The optimal solution involves sorting the array first, then using a two-pointer approach. This reduces the time complexity to O(n^2).

def threeSumClosest(nums, target):
    nums.sort()
    n = len(nums)
    closest_sum = float('inf')
    min_diff = float('inf')

    for i in range(n - 2):
        left = i + 1
        right = n - 1

        while left < right:
            current_sum = nums[i] + nums[left] + nums[right]
            current_diff = abs(current_sum - target)

            if current_diff < min_diff:
                min_diff = current_diff
                closest_sum = current_sum

            if current_sum < target:
                left += 1
            elif current_sum > target:
                right -= 1
            else:
                return target  # Exact match found

    return closest_sum

Big(O) Run-time Analysis

Optimal Solution

  1. Sorting the array: O(n log n)
  2. Outer loop: O(n)
  3. Inner while loop: O(n)

Therefore, the overall time complexity is O(n log n + n^2), which simplifies to O(n^2) because the n^2 term dominates.

Naive Solution

The naive solution has three nested loops, each iterating up to n times, resulting in a time complexity of O(n^3).

Big(O) Space Usage Analysis

Optimal Solution

The space complexity of the optimal solution is O(1) if we don't consider the space used for sorting. Some sorting algorithms like quicksort might take O(log n) space in the average case, but merge sort can take O(n) space.
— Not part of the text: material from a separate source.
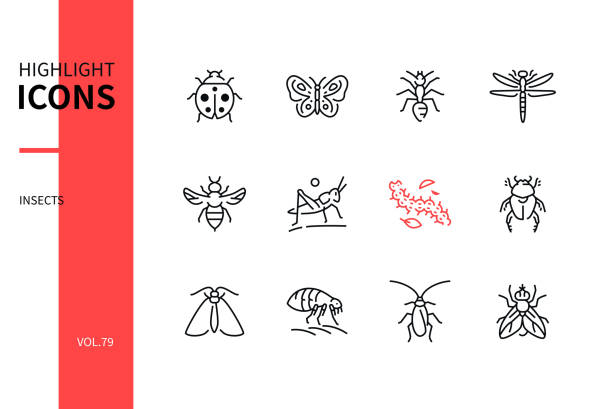 昆虫コレクション - モダンなラインデザインスタイルのアイコンセット - アリ点のイラスト素材／クリップアート素材／マンガ素材／アイコン素材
Assuming an in-place sorting algorithm is used, the space complexity remains O(1) as we only use a few extra variables.

Naive Solution

The space complexity of the naive solution is O(1) because it only uses a few extra variables and does not depend on the input size.

Edge Cases

  1. Empty array: If the input array has fewer than 3 elements, the problem statement specifies that each input would have exactly one solution, so it won't occur.
  2. Array with duplicate numbers: The algorithm works correctly even with duplicate numbers because it considers all possible triplets.
  3. Target is very large or very small: The closest_sum is initialized to float('inf'), which handles cases where the target is significantly larger or smaller than any possible sum.
  4. Exact match: If an exact match to the target is found during the two-pointer traversal, the function immediately returns the target value.